**WORK TASK**: Starting at the line that contains "Grapes being crushed by foot in a wooden tub", write out every line through the end of the records exactly as it stands, and leave out all pictures.
### EXTRACTED RECORDS ###
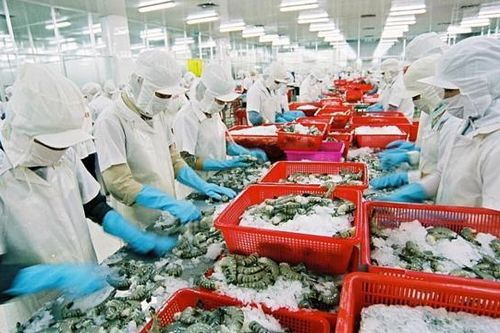 Xuất khẩu nông sản 'trong nguy có cơ'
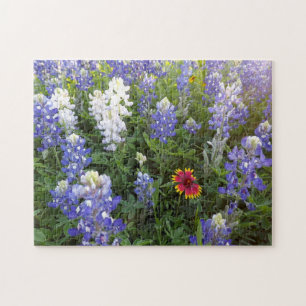 Pussel för Texas vildblommar 10x14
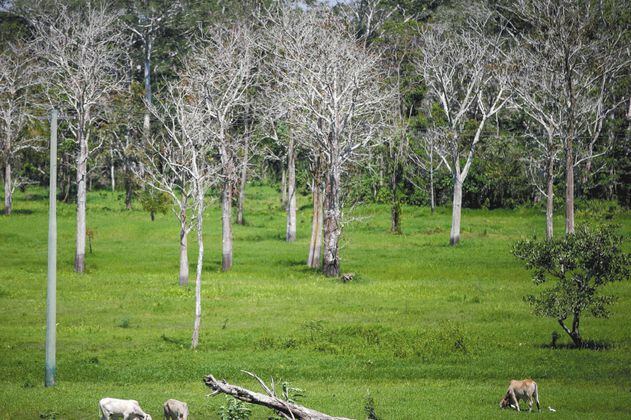 El ganado acorrala a la Amazonia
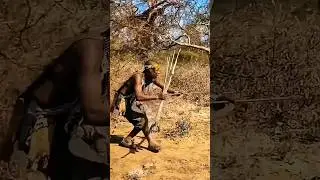 African Bush Hunt Begins | Hunters Rush as the Deer Breaks Cover.#shorts #wildlife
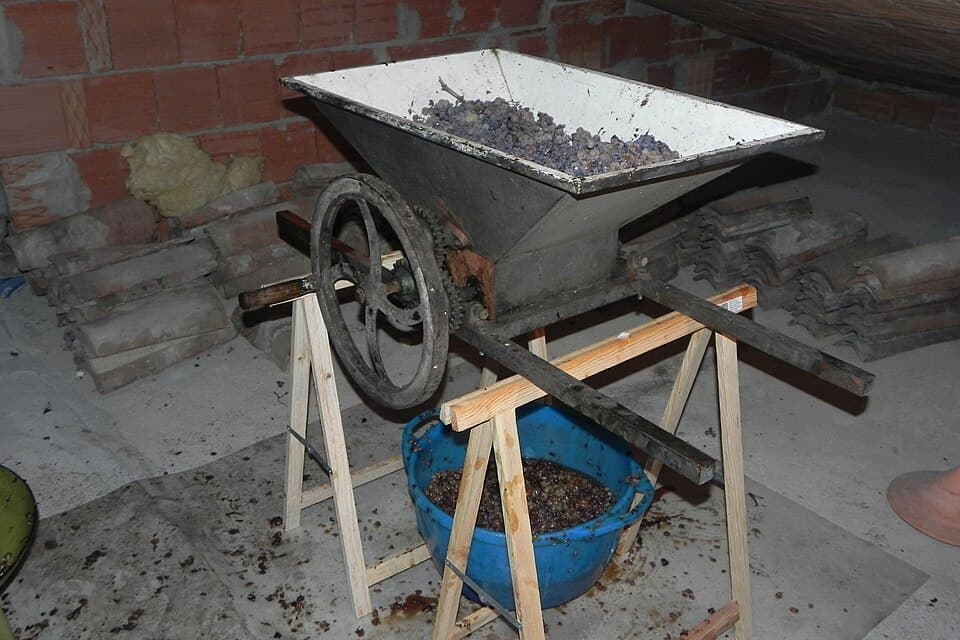Grapes being crushed by foot in a wooden tub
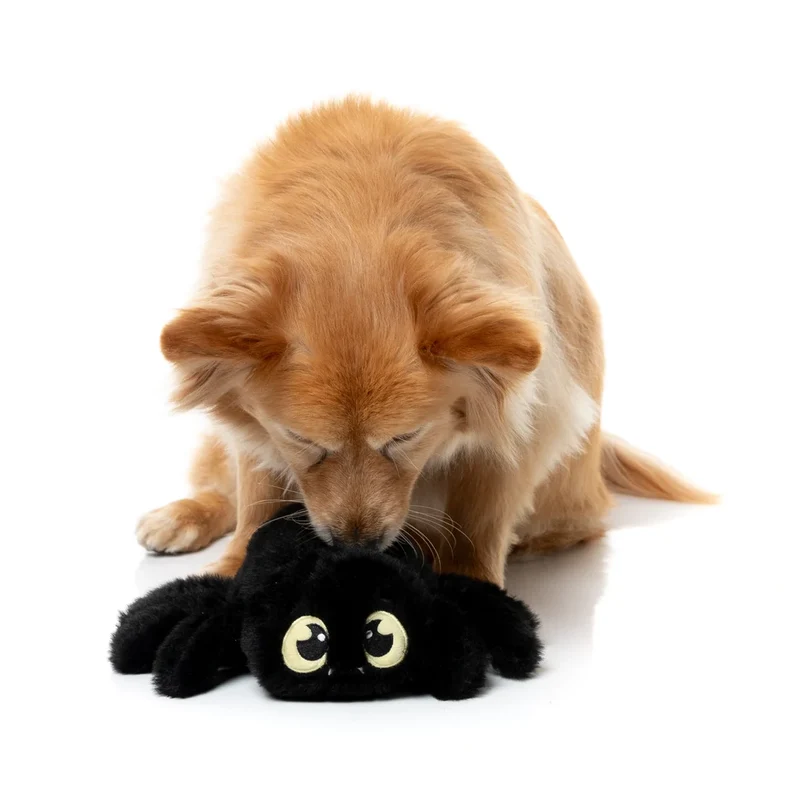 Hundespielzeug Halloween Webastian the Red Back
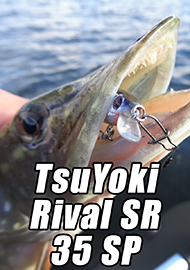 Обзор: Фавориты. Вариант для подстраховки. Обзор TsuYoki Rival SR 35 SP.
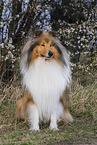 longhaired Collie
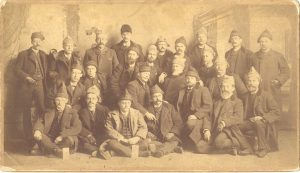 Collection 288 Sample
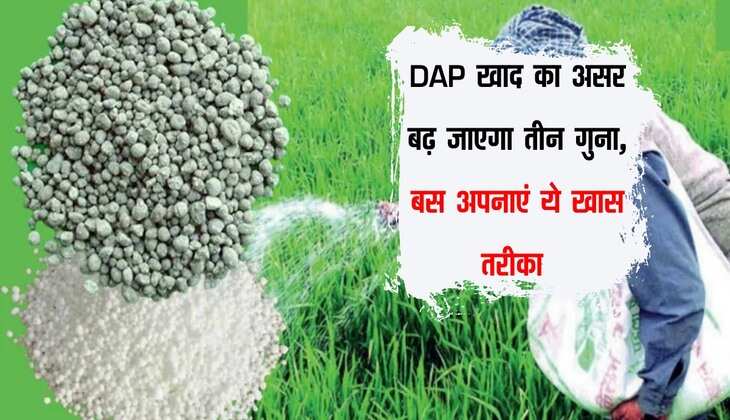 DAP खाद का असर बढ़ जाएगा तीन गुना, बस अपनाएं ये खास तरीका 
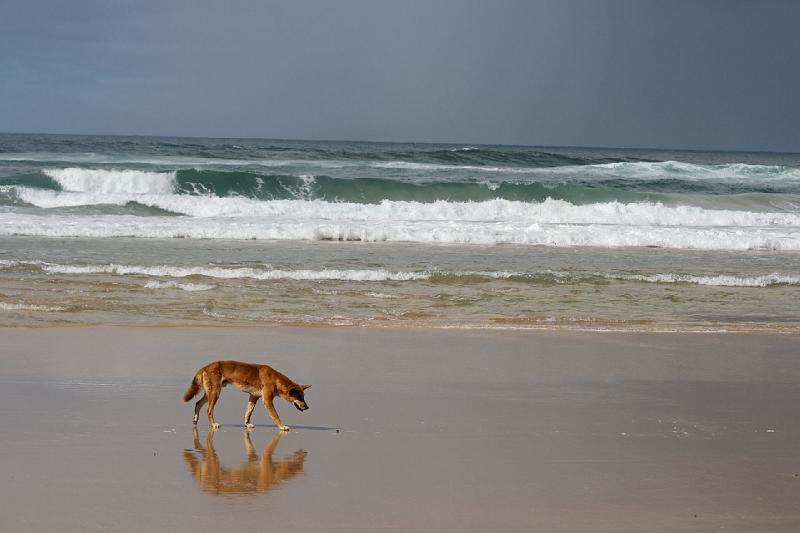 2007 05 15 Fraser Island 086_DXO.jpg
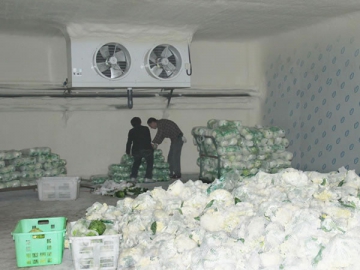 Vegetable Cold Storage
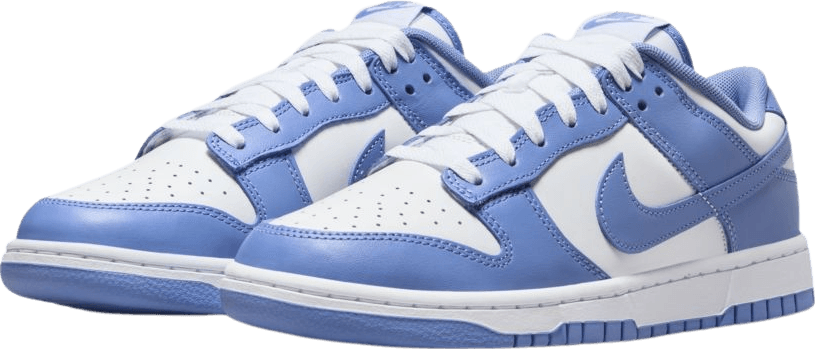 Nike Dunk Low Polar Blue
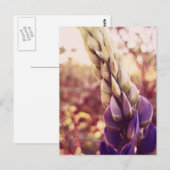 Neue Brunswick-Blume Postkarte (Vorne/Hinten)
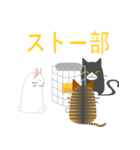 もちっとゆるネコ（個別スタンプ：40）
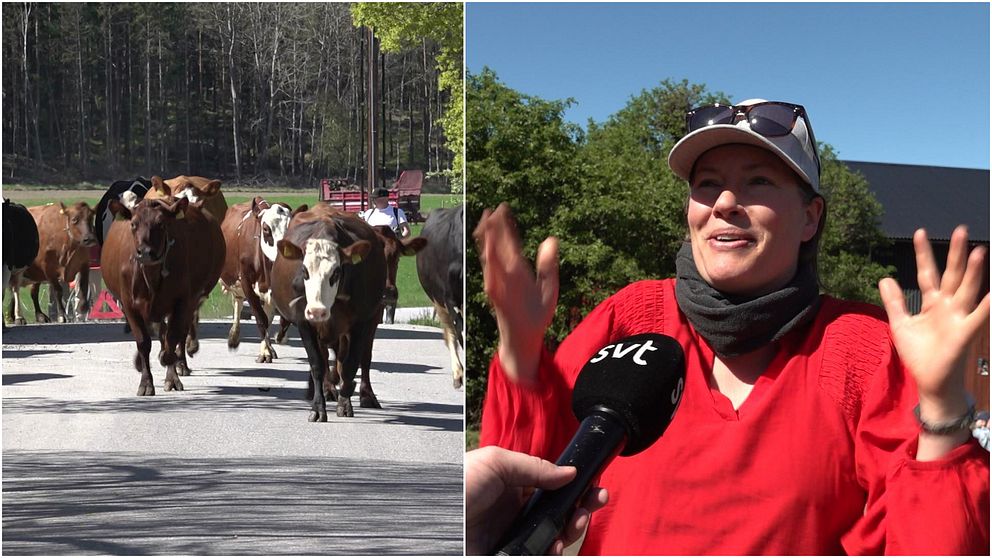 Tvådelad bild. Till vänster: kor springer på väg. Till höger: person intervjuas av SVT utomhus.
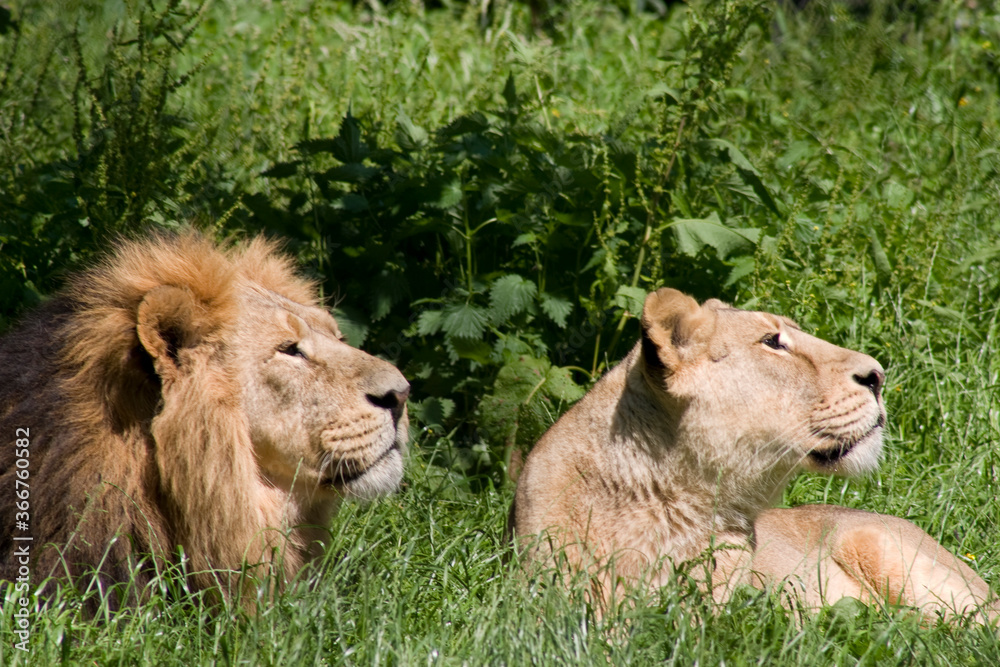 Naklejka premium Asiatic Lions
###
**RESULT FOR THIS TASK**:
Grapes being crushed by foot in a wooden tub
 Hundespielzeug Halloween Webastian the Red Back
 Обзор: Фавориты. Вариант для подстраховки. Обзор TsuYoki Rival SR 35 SP.
 longhaired Collie
 Collection 288 Sample
 DAP खाद का असर बढ़ जाएगा तीन गुना, बस अपनाएं ये खास तरीका 
 2007 05 15 Fraser Island 086_DXO.jpg
 Vegetable Cold Storage
 Nike Dunk Low Polar Blue
 Neue Brunswick-Blume Postkarte (Vorne/Hinten)
 もちっとゆるネコ（個別スタンプ：40）
 Tvådelad bild. Till vänster: kor springer på väg. Till höger: person intervjuas av SVT utomhus.
 Naklejka premium Asiatic Lions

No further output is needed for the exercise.